Finally, for the liquidation approach, the valuations estimated an enterprise value based on potential proceeds available to stockholders upon a liquidation of our company, based on current cash, assets and liabilities and the assumed proceeds from the sale of our assets. For subsequent valuation dates in 2011 and 2012, we updated these financial metrics and assumed sale proceeds based on changes in our financial position and expected proceeds from the sale of our assets, which resulted in both positive and negative changes to the previously estimated enterprise values, although the value available to be distributed to common stockholders remained zero at each valuation date given the accumulated liquidation preferences of our preferred stock.
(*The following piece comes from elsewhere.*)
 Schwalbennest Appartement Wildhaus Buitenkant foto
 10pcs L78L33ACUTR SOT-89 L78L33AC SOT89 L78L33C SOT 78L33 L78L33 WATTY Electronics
Once we estimated the enterprise values at each date, the determination of the fair value of our common stock required the allocation of these enterprise values using one of the approaches outlined in the Practice Aid, because we have multiple classes of capital stock. We relied on the probability-weighted expected return method, or PWERM, which models a company’s common stock value based on potential future liquidity events and applies probabilities to each scenario. These future liquidity events are then discounted to present value and, after applying the relevant probability for each potential event, result in a single probability-weighted equity value of the common stock of a company.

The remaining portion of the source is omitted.